> **Data excerpt**
★ ★ ★ ★ ★ ★ ★
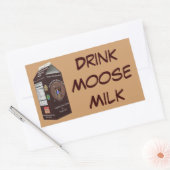 Sticker Rectangulaire Lait d'orignal Matanuska (Enveloppe)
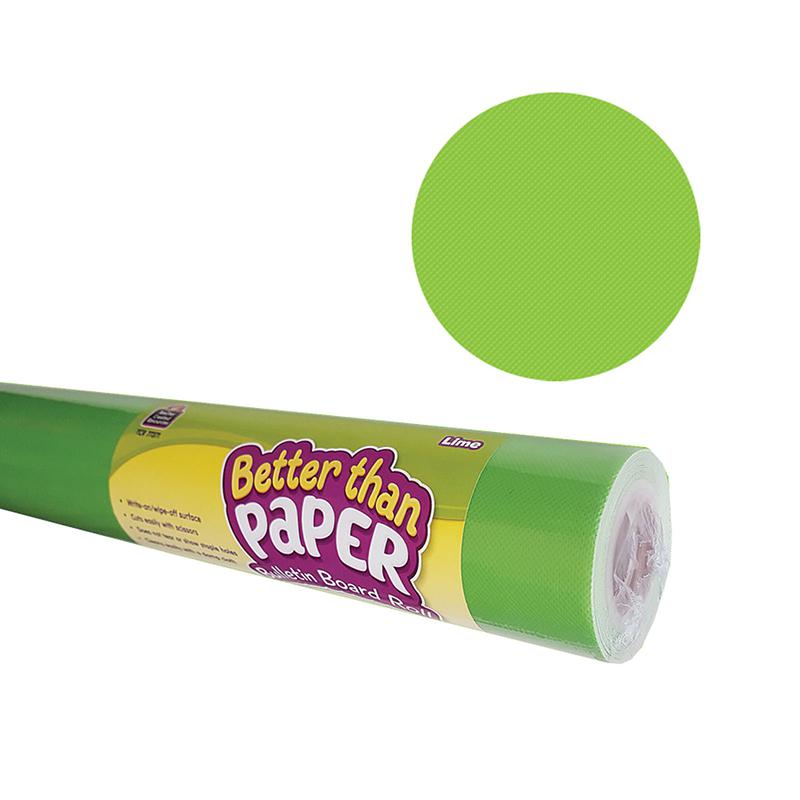 Better Than Paper Bulletin Board Roll, 4' x 12', Lime, 4 Rolls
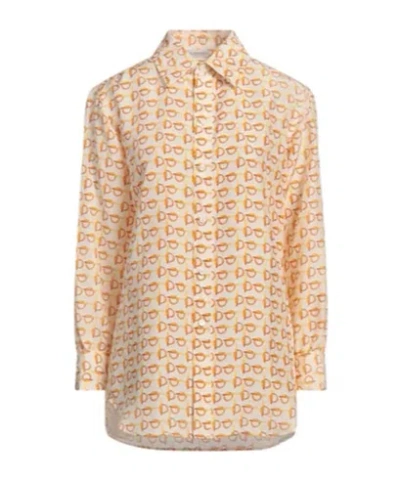 Burberry Patterned Shirts  Blouses In Yellow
★ ★ ★ ★ ★ ★ ★
> **Assignment**
All of the data is to be transcribed exactly, with images omitted.

> **Problem solution**
 Sticker Rectangulaire Lait d'orignal Matanuska (Enveloppe)
 Better Than Paper Bulletin Board Roll, 4' x 12', Lime, 4 Rolls
 Burberry Patterned Shirts  Blouses In Yellow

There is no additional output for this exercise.